Come far cadere gli stereotipi che ancora circondano una leader donna? Come aiutare le donne a trasformare il loro naturale potenziale in uno stile di comando senza rincorrere modelli maschili sorpassati? Perché è innegabile che, ancora oggi, l’uomo che si fa valere è “deciso”, la donna che comanda “prepotente”; il dirigente che alza la voce è “autorevole”, la sua pari grado è “isterica”. Stereotipi che si “attaccano” alle leader: una donna al vertice è sempre “aggettivata” in modo poco lusinghiero. Stereotipi potenti che rendono il cammino femminile verso la leadership, sia individuale sia collettivo, pieno di ostacoli. In conclusione, credo che due siano i temi dirimenti, le azioni da mettere in atto per creare i presupposti di una leadership femminile matura e diffusa. Da una parte, c’è bisogno di role models: dobbiamo dare alle nostre figlie modelli positivi a cui ispirarsi.

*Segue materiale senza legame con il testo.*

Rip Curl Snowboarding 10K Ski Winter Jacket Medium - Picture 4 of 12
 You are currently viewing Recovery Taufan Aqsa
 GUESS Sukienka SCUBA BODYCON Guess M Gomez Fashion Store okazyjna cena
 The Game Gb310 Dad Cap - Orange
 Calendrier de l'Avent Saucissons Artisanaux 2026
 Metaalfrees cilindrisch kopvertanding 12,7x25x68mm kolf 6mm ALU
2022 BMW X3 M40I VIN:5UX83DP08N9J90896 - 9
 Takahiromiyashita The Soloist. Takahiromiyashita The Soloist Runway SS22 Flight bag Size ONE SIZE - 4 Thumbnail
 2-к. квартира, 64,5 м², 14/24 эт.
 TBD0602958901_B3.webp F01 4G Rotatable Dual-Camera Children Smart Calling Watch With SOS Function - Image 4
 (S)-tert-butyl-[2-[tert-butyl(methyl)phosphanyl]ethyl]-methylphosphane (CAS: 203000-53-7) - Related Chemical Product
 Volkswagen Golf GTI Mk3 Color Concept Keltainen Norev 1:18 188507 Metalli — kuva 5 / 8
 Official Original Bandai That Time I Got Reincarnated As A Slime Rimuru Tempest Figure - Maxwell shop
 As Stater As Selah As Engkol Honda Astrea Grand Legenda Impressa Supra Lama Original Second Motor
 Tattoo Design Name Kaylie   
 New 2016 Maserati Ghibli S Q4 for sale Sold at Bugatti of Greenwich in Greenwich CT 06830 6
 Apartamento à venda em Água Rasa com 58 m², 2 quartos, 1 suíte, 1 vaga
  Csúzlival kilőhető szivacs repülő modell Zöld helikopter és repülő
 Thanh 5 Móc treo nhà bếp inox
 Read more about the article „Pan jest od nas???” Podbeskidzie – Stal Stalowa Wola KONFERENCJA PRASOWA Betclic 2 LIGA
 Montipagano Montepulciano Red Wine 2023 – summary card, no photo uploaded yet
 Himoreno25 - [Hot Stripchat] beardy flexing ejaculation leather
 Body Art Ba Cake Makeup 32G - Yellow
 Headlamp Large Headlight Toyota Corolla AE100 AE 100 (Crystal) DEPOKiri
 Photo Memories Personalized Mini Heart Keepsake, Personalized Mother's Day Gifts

Avete mai fatto caso che i corsi di leadership al femminile sono tantissimi e quelli dedicati agli uomini praticamente quasi non esistono? I leader maschi imparano per emulazione, mentre le donne non hanno abbastanza modelli da imitare. In questo senso, certamente la prima Presidente del Consiglio donna rappresenta un potente fattore di cambiamento. Poi, dobbiamo certamente lavorare su noi stesse. C’è un interessante studio dell’Università Bocconi che parla di investimento necessario nel capitale psicologico della donna. Un elemento rilevato anche nei concorsi pubblici: le donne che pur arrivano molto preparate, nel momento in cui i test mettono una penalità per ogni risposta sbagliata, tendono a non rispondere più frequentemente degli uomini che invece si buttano, rischiano. Siamo spesso più competenti, siamo le persone giuste per occupare un ruolo di vertice, ma tendiamo a non proporci perché ci manca la consapevolezza delle nostre enormi potenzialità. Dobbiamo uscire dallo schema delle donne influencers e reclamare il ruolo che ci spetta al tavolo dei decisori, rompendo schemi e stereotipi. Le sfide del presente e del futuro hanno bisogno del nostro paradigma di leadership.